But for years, the squirrels foraged under the feeder and the birds fed at their appointed places and splashed in their heated (in winter) birdbath.

My Grandparents received Birds and Blooms magazine, and whenever we arrived at their house for a visit I would immediately grab a magazine and flip through the pages looking at all the spectacular, brilliantly colored, photography. I never read the full length articles, just the short little blurbs and funny stories. But oh, those pictures.

Phone calls, letters, and conversation centered on the happenings at the bird feeder—what notable bird visited, or the time the fox came through with a half-eaten something in his mouth, or the day the hawk visited and ALL THE BIRDS avoided the yard for hours. I imagine, if there were a zoologist historian at some point in the future, they would like to have my grandmother’s letters. But given that they are all written in cursive, they won’t be able to read them.

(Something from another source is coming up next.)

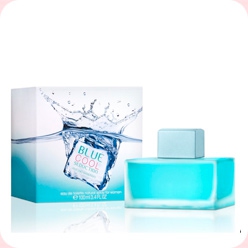 Blue Cool Seduction for Women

The aviary is my favorite part of the zoo, and I always try to stop and listen to the birds, even though I have only the barest grasp on which birds I’m hearing. Now that I’m grown and have a house of my own, I have a sunflower seed feeder.

I hang it off a tree branch I can reach from my deck, so I had no illusions about keeping the squirrels off—though I do throw cups of water at them sometimes when I feel like they’ve been on the feeder Every Single Time I’ve been out there.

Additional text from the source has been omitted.